Overheid haalt minder op met kansspelbelasting. Dat is goed! | DVHN commentaar
In dit artikel:
De kansspelbelasting in Nederland wordt vanaf 1 januari 2025 verhoogd van 30,5 naar 34,2 procent en stijgt in 2026 verder naar 37,8 procent, wat het hoogste tarief in Europa betekent. Deze maatregel, vastgelegd in het Hoofdlijnenakkoord van het Kabinet-Schoof, is bedoeld om de overheidsinkomsten uit de goksector met naar verwachting 100 miljoen euro in 2025 en daarna 200 miljoen euro per jaar te verhogen. De Kansspelautoriteit voorspelt echter dat de opbrengst tegenvalt en in 2025 waarschijnlijk slechts 60 miljoen euro zal bedragen.

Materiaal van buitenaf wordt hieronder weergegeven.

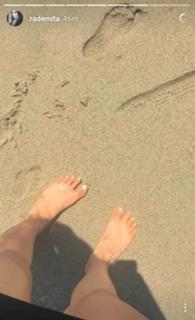 Rachel A. DeMita feet photo thumbnail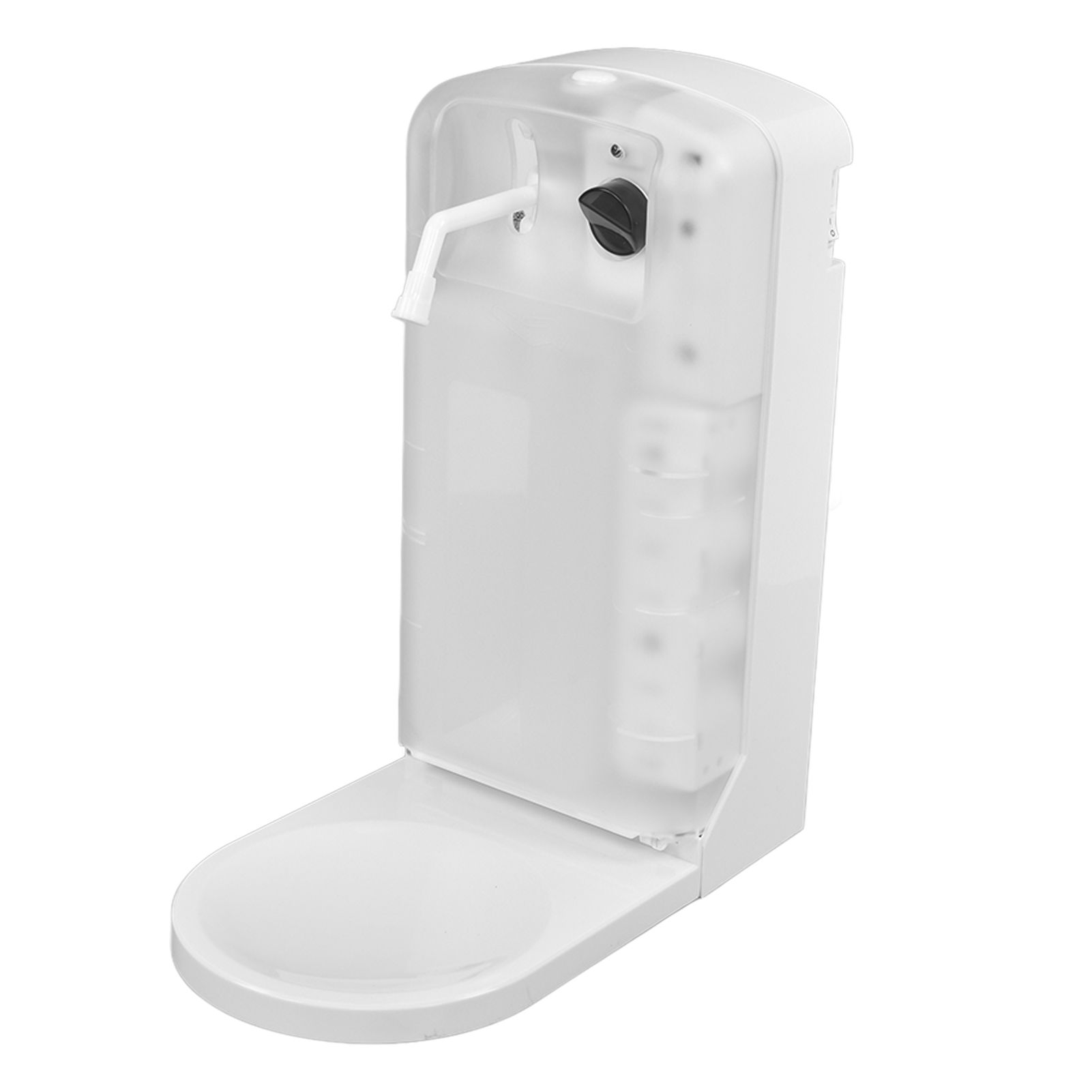 Automatic Clean Soap Dispenser Infrared Induction Wall Mounted Desktop Installation Hand Soap Divide Machine 1000ml - Image 2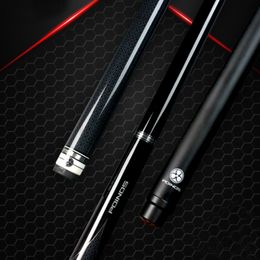 Billiard Accessories High Grade Poinos Black Billiard Pool Cue Stick Shaft 13mm 11.5mm 10.5mm Bullet Joint China 230628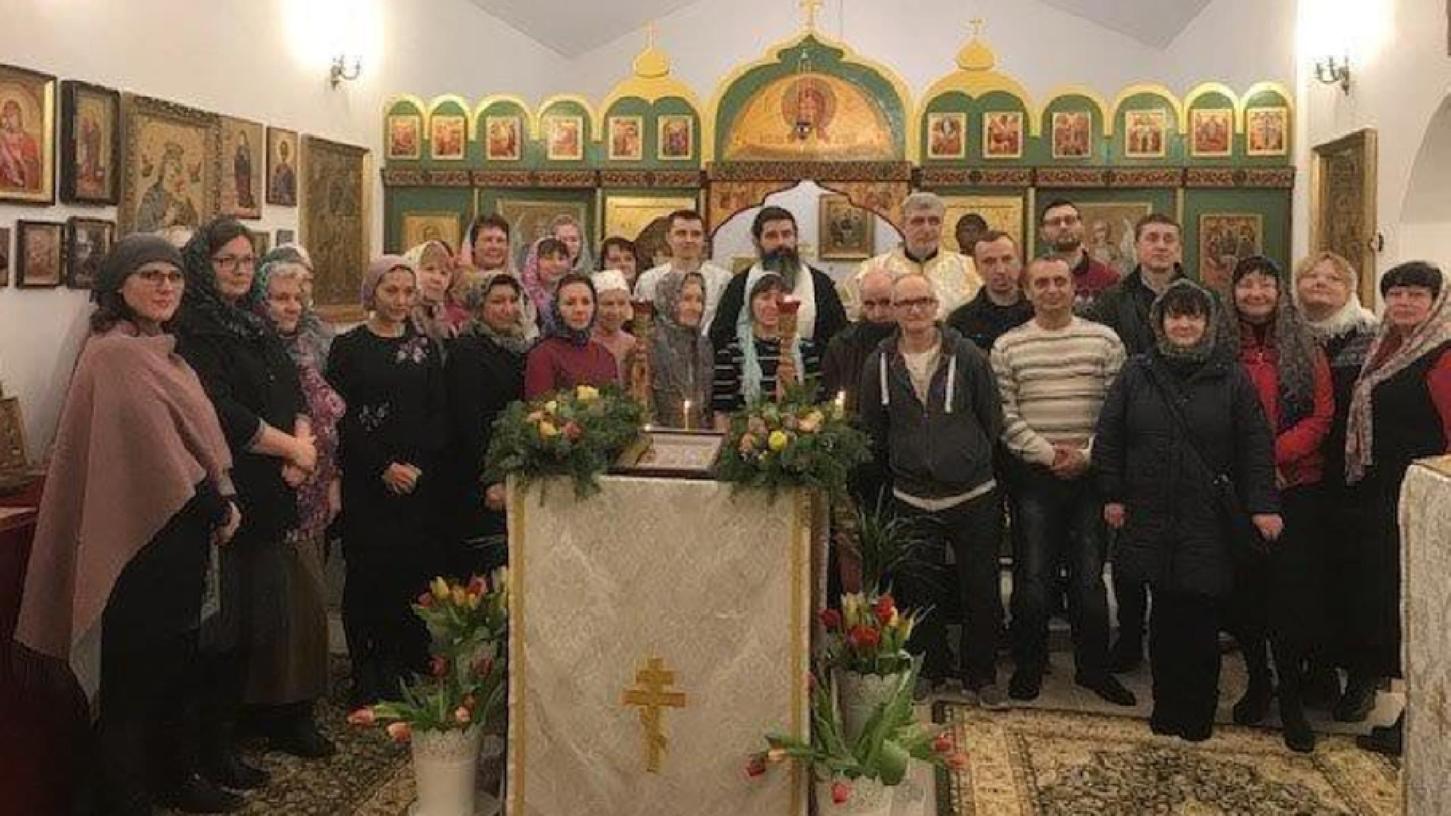 Erlangen: Für orthodoxe Christen der wichtigste Feiertag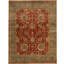 Wool Oriental Area Rug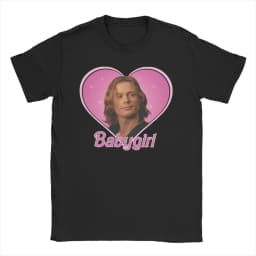 Men Women Graphic Printed The Vampire Lestat 2026 TV Series Tee T Shirt Pure Cotton T-shirts Clothing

Hoewel deze lagere opbrengst tegenvallend kan lijken voor het ministerie van Financiën, is het verhogen van de belasting ook bedoeld om het gokgedrag terug te dringen en zo gokverslavingen te verminderen. Dit sluit aan bij eerdere ervaringen met accijnsverhogingen, bijvoorbeeld op sigaretten, waar door hogere prijzen de consumptie afnam, maar de totale opbrengsten voor de overheid juist daalden.
Om de negatieve effecten van gokken tegen te gaan, wordt eveneens de winstkans verlaagd, wat direct ten koste gaat van de gokker. Deze maatregel zorgt voor spanningen binnen de gokindustrie; zo uitte Holland Casino, dat volledig in staatshanden is, zorgen over de houdbaarheid van het bedrijf bij verdere belastingverhogingen. Tegelijkertijd dringt de roep om preventie en zorg, vooral vanwege een groeiend aantal jongeren met gokproblemen, aan op een integrale aanpak waarbij prijsbeleid slechts één onderdeel vormt.